What are some April Fools prank you've played over the years? [More:] When I was in seventh grade, I took home ec class as an elective, figuring that I would be the only boy in there, and when you're thirteen, that's important. On April 1st, I carefully washed out a bottle of blue window cleaner, filled it up with water, tossed in some blue food colouring, and took it to class with me. Right after the teacher finished taking attendance, I casually pulled it out and started taking swigs of it. Now, I wasn't exactly the most clean and sober seventh grader, and I often came to class drunk, so I guess it seemed perfectly plausible to a middle aged woman that I would drink window cleaner. She, of course, freaked out, and ran to call poison control.

We had a good laugh later.
Just last night I helped a friend dupe a substantial slice of online Harry Potter fandom into believing three pages of the forthcoming book had been leaked and posted to the internet.
posted by Zozo 01 April | 10:46
OMG, I almost forgot.... Back in '99, I was tracing my then-hubby's family history on ancestry.com. A distant cousin of his, whom he had never met, had compiled and posted a considerable amount of genealogical info, but she sounded kind of anal and prissy... So, we sent this poor cousin a terribly misspelled e-mail pretending to be a relative who was about to get out of prison and needed a place to start over, and since "blud is thiker then watter," why not camp out at her place for a while? She totally freaked out and e-mailed the entire extended family with a warning about this soon-to-be ex-con trying to insinuate himself into their lives.

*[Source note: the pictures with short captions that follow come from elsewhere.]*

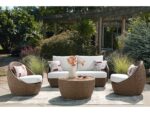 Cardiff Beach Outdoor Sofa, Loveseat and 2 Lounge Chairs with Coffee Table - Image 2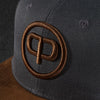 Snapback Cap - Anthracite &amp; Suede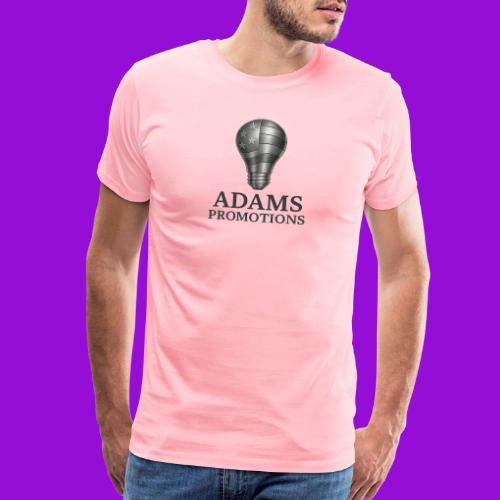 Adams Promotions Brushed Steel light Logo - Men's Premium T-Shirt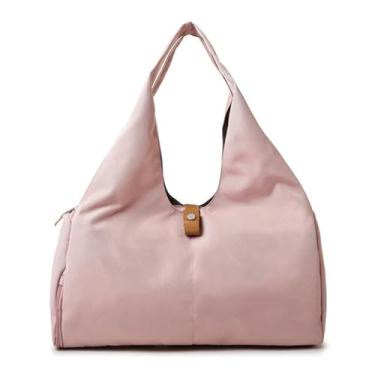 Imagem de TIOYW Bolsa feminina para ioga, academia, esportes, treinamento, bolsa de ombro, fitness, dança, viagem, bolsa feminina, bolsa seca e molhada, fim de semana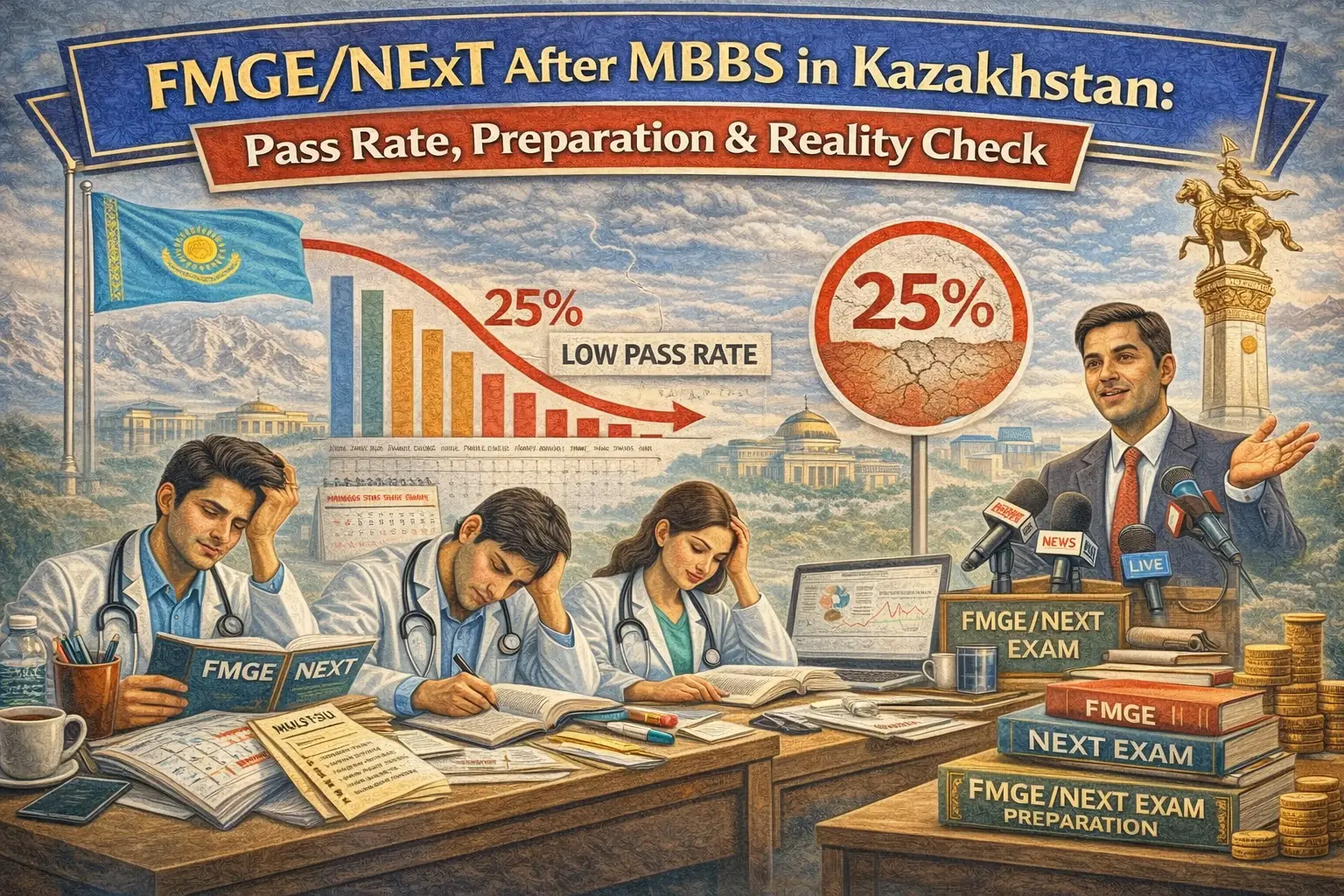 FMGE/NExT After MBBS in Kazakhstan: Pass Rate, Preparation & Reality Check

Remember this guy from "Gregg's hompage?" We wrote, "Here is my pitcher so you can see I am nomral."

Her husband is a cop and knew right away that it was a prank, but he let her stew about it for a week until we 'fessed up. This prank is now part of his family's, er, oral tradition.
posted by go dog go 01 April | 11:05
That's hilarious! Well played.
posted by cmonkey 01 April | 11:14
APRIL FOOLS!
posted by Eideteker 01 April | 11:59
I was staying as a guest with my friends, and their son "Sprout" was about 8 at the time.

We were sitting at the counter in the kitchen, having breakfast. Breakfast was eggs and waffles.

Sprout started it by giving me the old "loose-saltshaker-top" gag and ruining my eggs. Harumph.

Minutes later, Sprout had eaten half his food when he left the table to retrieve his homework from his bedroom.

Seizing my opportunity, I poured a fresh dollop of maple syrup onto his plate next to the food, and mixed in as much salt as I could dissolve.

Sprout returns, sees the fresh syrup. Since dad usually doles out the syrup: "Thanks for the syrup, dad!"

Big forkful of waffle...

Swab it in the syrup...
.
.
AAAAAUUUUGGHHHH!

posted by Triode 01 April | 12:48
I once used a magnet and a diamante stud to convince a snotty receptionist at the law firm where I worked that I'd got my nose pierced. I let my boss in on the joke and he wound her up to the point where she was phoning the partners at our head office to spread the 'news'.

She was even bitchier to me after that, but I didn't care because it was worth it to see her face when I took the stud off the side of my nose.
posted by essexjan 01 April | 17:50
Heh. "Snotty" receptionist + fake nose ring. Perfect.
posted by mudpuppie 01 April | 18:01
THis is one of my favorites. It was played by a friend of mine who does a lot of trades in his business. He was getting married and his fiance went off to the Pastry shop to order the cake and she and the baker really hit it off coming up with disturbing ideas for the groom's cake, etcetera. They made an appointment to finalize everything the next week.
Later my friend calls the baker to say, "I'm just calling everybody I have trades with to let them know that there is this woman going around town saying we are engaged and I don't know her."
"OMG she was just here!" and they went on about it.
Well the week goes by and of course the fiance keeps the appointment. Apparently the look on the baker's face as she walked to the door was a sight to behold. My friend was there to enjoy the joke.